§ **Goal of the exercise**: Using the records that follow, reproduce exactly the lines starting at the line containing "K&ouml;nnte beinhalten: Wei&szlig;es" and ending at the line containing "A single-story house". Include both end lines and no pictures.

§ **Data for analysis**:
- - - - - - -

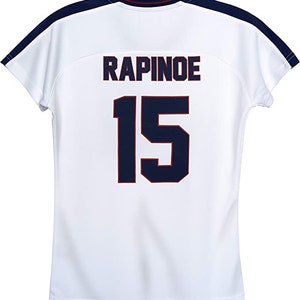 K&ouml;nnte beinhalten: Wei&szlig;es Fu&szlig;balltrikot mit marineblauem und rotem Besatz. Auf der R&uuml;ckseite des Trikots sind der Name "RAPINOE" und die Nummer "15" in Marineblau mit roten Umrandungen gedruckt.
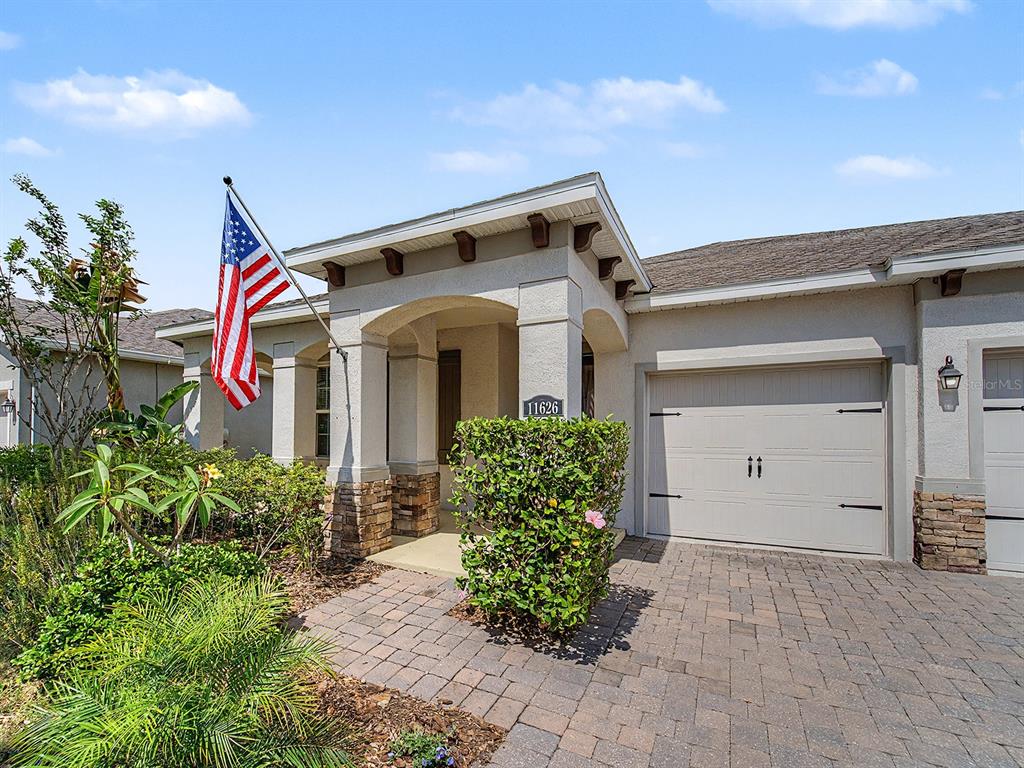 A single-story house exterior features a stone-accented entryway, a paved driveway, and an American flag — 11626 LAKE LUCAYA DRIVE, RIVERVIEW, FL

- - - - - - -

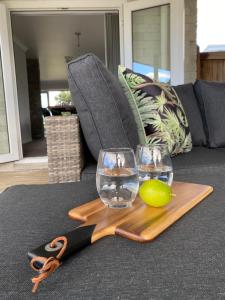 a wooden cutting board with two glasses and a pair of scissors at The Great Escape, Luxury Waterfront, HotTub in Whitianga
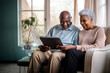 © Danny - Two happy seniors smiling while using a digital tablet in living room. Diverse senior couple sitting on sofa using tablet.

- - - - - - -

§ **Problem solution**:
 K&ouml;nnte beinhalten: Wei&szlig;es Fu&szlig;balltrikot mit marineblauem und rotem Besatz. Auf der R&uuml;ckseite des Trikots sind der Name "RAPINOE" und die Nummer "15" in Marineblau mit roten Umrandungen gedruckt.
 A single-story house exterior features a stone-accented entryway, a paved driveway, and an American flag — 11626 LAKE LUCAYA DRIVE, RIVERVIEW, FL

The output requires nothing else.